The standard deviation is the average distance between your mean and your data points. I know. That sounds almost too easy, but that is literally what the formula is. Let’s look into it in details.

Let’s take pizza delivery as an example. Whenever you order, you ask to be delivered at 7:00PM, hoping to be delivered no earlier than 6:30PM but no later than 7:30PM. These are your specifications limits: LSL=6:30 and USL=7:30. 

Over a year, you record the delivery time for each of your orders and plot them into a histogram. Obviously, you’ll want to calculate your mean to get the position of your data set. 

If we look at the mean, it seems acceptable. Though, imagine getting your pizza delivered at 4PM (or even 9PM) when asking it for 7… Let’s have a look at the spread of our data now. The bell curve is not really sharp and we have already pointed out some outliers.

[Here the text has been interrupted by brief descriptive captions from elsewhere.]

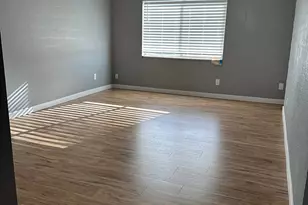 2083 S California Ave, Provo, UT 84606 - Photo 12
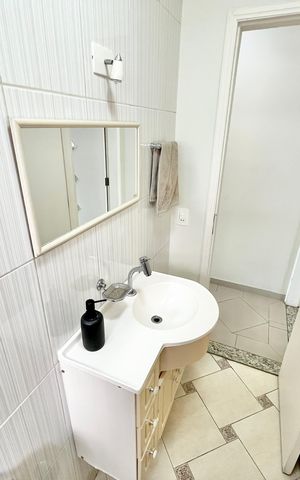 Casa à venda com 182m², 3 quartos e 3 vagas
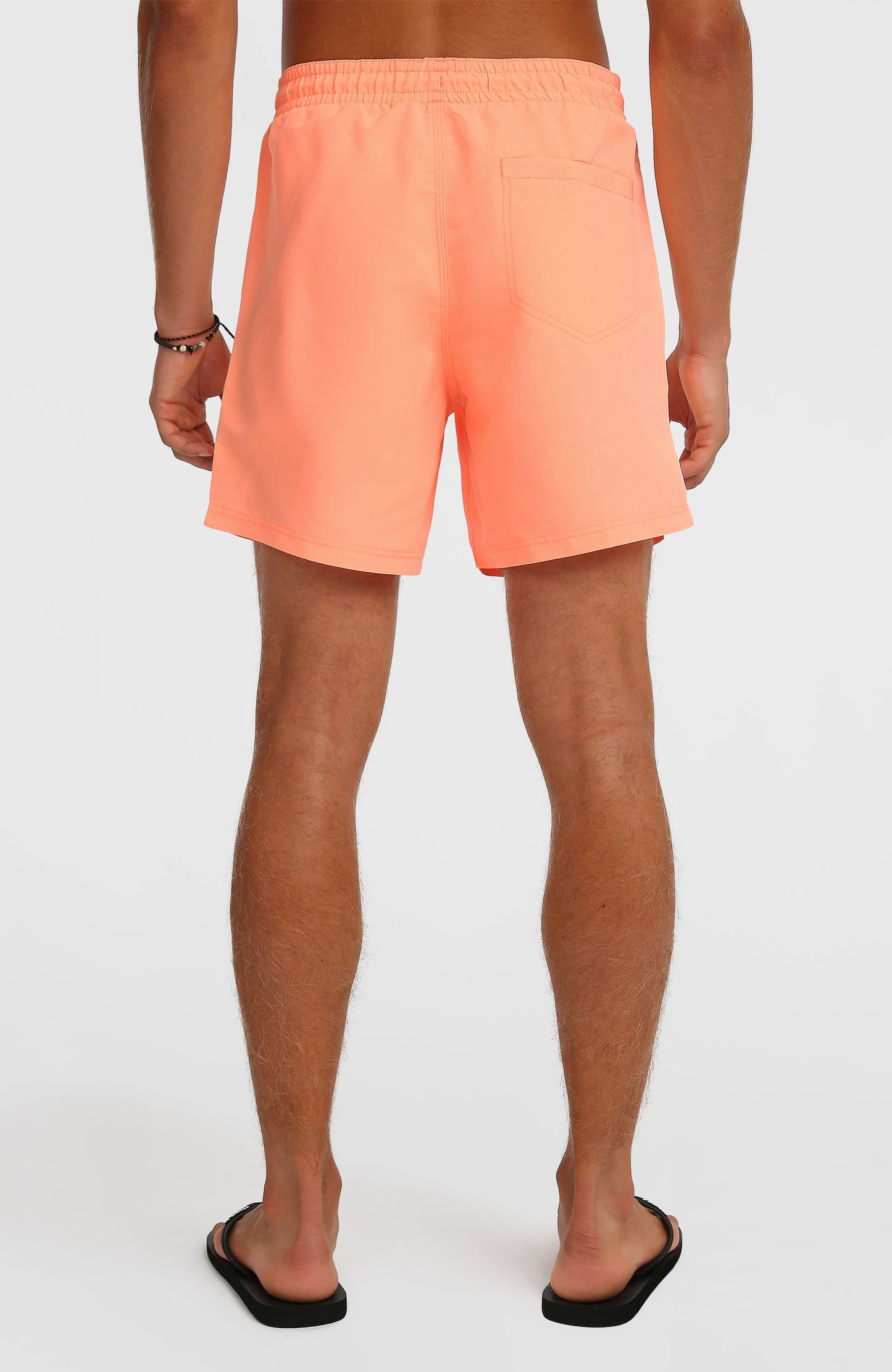 O'Neill Vert 16'' Swimshorts Men Funky Peach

What we need to know is how far are our data points from our central location. To get a real vision, we need to measure them all and compute a mean.

Our new concern is that we have negative values now (everything on the left of the mean). Even if sometimes we wish we had negative minutes, that is not going to happen anytime soon. 

Without going into too much details, our best option to get absolute data (no negative sign) while respecting mathematical rules, is to square our second column (as a reminder 1 x 1 = 1 and -1 x -1 = 1). This is what is called the variance.

Well, now we have square minutes (and way much that the initial distance calculated). I would like a handful of them every time I hit the snooze button of my alarm clock! But realistically, this is as useful as negative minutes. So now if we take the square root of this value, we get realistic minutes back.

Again, the standard deviation is only the average distance between your data points and your mean. To get it, you have to do a few mathematical pirouettes, but hopefully Excel, Minitab and other statistical software will do it for you!